Return the lines of the data below in which the string "Autumn" occurs.
------------------------
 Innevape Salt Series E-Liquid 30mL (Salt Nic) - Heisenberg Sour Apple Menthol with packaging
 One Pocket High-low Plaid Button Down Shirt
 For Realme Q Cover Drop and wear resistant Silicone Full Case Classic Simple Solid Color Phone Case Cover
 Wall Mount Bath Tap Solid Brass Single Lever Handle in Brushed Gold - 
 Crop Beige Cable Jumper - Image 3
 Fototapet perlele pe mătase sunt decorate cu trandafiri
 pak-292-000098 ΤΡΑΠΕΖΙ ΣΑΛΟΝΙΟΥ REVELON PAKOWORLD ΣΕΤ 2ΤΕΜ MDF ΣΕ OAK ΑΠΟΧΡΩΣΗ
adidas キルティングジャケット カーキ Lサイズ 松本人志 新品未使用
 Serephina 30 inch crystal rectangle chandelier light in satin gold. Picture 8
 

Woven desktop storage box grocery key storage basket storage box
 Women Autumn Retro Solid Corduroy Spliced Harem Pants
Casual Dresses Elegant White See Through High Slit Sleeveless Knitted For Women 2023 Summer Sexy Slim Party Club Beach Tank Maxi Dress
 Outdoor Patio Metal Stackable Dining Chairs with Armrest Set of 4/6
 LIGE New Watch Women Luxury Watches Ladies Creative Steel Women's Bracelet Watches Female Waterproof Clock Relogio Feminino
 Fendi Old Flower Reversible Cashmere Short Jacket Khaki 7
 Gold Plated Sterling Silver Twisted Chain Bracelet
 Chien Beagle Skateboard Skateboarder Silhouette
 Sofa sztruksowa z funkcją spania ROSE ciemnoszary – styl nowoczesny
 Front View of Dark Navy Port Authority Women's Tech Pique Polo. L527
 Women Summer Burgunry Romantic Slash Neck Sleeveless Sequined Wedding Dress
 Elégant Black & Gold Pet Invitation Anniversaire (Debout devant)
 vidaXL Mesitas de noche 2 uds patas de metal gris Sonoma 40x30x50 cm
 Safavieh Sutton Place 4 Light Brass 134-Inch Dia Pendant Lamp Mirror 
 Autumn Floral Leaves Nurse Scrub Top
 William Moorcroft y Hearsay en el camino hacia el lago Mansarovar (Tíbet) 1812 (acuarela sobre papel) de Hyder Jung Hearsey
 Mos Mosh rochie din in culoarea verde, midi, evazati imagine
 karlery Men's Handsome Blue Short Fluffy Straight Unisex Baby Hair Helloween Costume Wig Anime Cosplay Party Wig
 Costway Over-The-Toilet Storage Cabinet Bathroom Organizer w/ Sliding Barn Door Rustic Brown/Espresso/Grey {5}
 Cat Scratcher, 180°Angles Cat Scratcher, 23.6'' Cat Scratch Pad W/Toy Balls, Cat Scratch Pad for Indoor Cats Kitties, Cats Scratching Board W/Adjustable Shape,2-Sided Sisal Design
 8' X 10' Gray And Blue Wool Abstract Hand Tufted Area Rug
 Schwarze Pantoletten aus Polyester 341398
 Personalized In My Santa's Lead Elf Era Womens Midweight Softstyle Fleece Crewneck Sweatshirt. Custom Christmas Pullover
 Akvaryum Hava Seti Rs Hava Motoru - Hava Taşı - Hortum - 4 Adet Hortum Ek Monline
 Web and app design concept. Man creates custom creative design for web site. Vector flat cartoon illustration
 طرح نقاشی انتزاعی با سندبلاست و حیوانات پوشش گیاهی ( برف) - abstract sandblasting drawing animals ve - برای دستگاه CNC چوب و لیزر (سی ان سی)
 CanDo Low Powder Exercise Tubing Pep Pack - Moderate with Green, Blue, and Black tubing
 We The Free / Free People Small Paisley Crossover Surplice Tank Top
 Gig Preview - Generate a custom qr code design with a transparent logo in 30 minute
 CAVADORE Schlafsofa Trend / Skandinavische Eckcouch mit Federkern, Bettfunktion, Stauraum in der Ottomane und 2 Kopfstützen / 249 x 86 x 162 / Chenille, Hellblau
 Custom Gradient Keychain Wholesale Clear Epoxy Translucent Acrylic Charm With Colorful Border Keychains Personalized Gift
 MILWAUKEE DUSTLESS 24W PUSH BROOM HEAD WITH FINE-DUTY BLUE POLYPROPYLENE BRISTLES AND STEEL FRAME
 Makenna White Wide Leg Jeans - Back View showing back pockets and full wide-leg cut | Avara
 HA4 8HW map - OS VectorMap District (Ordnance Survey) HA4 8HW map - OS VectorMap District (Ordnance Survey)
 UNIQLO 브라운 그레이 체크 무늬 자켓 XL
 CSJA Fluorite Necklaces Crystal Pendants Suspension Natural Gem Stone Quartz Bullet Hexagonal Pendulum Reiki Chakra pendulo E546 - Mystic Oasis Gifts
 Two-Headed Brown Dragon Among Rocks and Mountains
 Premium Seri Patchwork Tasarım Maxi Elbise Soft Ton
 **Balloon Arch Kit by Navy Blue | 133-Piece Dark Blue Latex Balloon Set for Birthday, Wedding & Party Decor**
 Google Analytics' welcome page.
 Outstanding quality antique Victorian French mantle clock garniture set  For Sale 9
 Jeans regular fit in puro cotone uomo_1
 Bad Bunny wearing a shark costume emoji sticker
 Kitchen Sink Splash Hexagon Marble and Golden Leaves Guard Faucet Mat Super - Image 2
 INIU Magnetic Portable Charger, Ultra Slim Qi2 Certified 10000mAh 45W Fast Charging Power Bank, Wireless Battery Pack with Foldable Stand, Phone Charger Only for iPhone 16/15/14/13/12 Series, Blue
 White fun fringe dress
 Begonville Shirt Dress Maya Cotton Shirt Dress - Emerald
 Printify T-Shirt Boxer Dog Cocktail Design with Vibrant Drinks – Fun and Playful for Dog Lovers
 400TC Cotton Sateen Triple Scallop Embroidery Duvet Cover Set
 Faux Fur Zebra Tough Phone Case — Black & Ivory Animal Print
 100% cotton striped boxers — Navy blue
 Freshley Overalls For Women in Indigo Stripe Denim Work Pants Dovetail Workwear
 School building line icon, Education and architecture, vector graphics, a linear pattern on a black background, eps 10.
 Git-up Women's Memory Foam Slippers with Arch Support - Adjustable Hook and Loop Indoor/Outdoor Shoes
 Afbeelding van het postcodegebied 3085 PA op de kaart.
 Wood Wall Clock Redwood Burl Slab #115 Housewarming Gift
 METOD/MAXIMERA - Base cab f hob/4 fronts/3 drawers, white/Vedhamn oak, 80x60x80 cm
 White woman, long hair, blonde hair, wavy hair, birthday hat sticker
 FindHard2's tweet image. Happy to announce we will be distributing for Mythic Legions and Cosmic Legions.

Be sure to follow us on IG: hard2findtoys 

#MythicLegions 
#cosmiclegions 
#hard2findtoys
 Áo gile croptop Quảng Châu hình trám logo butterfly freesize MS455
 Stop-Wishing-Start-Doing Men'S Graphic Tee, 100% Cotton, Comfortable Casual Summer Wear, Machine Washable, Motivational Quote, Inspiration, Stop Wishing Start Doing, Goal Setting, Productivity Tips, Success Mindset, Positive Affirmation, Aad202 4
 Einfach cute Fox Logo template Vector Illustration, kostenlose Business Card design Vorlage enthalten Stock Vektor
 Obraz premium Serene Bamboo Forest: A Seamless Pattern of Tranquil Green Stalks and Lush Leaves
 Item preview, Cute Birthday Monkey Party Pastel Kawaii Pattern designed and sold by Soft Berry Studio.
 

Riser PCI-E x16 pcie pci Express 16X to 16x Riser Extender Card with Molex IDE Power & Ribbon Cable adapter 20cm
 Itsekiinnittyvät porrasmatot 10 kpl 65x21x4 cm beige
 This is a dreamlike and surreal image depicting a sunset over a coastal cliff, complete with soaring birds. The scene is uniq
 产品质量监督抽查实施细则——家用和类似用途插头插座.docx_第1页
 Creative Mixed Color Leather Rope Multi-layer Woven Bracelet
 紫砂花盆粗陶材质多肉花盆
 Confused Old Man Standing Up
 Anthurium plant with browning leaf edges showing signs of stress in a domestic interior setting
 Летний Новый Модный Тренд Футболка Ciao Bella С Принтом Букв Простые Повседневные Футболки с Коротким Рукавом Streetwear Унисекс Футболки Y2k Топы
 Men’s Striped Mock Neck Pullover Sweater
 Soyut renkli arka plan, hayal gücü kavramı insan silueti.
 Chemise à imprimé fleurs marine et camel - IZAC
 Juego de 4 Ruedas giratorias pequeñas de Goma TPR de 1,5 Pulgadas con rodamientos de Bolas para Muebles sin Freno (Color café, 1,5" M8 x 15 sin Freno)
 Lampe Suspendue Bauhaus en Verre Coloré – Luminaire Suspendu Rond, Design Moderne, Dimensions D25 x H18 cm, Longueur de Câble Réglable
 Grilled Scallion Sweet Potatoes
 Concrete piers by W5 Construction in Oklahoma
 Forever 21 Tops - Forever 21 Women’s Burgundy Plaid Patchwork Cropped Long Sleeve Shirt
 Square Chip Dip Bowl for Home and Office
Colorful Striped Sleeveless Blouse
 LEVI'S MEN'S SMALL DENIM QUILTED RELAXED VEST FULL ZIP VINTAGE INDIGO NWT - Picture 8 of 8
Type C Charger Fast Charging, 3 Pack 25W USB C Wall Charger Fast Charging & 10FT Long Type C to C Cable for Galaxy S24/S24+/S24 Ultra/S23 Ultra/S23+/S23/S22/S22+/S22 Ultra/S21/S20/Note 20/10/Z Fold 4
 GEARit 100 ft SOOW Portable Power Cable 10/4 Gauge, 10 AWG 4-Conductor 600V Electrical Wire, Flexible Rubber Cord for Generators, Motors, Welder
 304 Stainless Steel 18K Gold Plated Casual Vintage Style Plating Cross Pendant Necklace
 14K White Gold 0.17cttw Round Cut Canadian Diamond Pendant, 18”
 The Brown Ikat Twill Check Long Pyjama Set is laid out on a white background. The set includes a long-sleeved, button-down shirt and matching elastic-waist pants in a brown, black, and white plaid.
------------------------
#### TASK ANSWER:
 Women Autumn Retro Solid Corduroy Spliced Harem Pants
 Autumn Floral Leaves Nurse Scrub Top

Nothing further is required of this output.